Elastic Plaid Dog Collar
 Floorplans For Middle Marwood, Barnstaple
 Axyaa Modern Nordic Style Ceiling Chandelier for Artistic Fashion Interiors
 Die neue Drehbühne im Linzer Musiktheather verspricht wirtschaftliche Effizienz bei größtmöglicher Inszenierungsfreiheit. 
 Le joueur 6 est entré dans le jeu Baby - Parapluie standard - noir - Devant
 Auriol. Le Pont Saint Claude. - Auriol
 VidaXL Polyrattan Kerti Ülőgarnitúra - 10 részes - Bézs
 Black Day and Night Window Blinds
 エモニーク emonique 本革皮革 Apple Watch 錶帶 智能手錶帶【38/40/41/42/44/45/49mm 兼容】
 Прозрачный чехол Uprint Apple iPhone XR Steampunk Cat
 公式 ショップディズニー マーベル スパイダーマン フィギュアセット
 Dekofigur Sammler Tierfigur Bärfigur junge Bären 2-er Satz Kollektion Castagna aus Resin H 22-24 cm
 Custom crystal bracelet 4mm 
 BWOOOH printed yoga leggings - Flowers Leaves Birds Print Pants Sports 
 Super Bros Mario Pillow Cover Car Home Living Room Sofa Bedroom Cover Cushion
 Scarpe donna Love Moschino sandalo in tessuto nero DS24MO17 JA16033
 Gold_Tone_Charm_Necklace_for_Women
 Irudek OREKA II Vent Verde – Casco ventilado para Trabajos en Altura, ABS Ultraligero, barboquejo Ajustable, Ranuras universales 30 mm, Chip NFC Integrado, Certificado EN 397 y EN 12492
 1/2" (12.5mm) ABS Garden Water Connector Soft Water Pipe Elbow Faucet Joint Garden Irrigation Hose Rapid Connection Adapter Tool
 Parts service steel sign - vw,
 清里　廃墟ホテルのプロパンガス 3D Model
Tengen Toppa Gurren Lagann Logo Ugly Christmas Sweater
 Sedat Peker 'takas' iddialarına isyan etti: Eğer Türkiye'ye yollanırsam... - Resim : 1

■ **TASK TO CARRY OUT**
In the listing above, find the line with "Super Bros Mario" and the line with "Irudek OREKA II", then print exactly those lines and every line between them.

■ **TASK SOLUTION**
 Super Bros Mario Pillow Cover Car Home Living Room Sofa Bedroom Cover Cushion
 Scarpe donna Love Moschino sandalo in tessuto nero DS24MO17 JA16033
 Gold_Tone_Charm_Necklace_for_Women
 Irudek OREKA II Vent Verde – Casco ventilado para Trabajos en Altura, ABS Ultraligero, barboquejo Ajustable, Ranuras universales 30 mm, Chip NFC Integrado, Certificado EN 397 y EN 12492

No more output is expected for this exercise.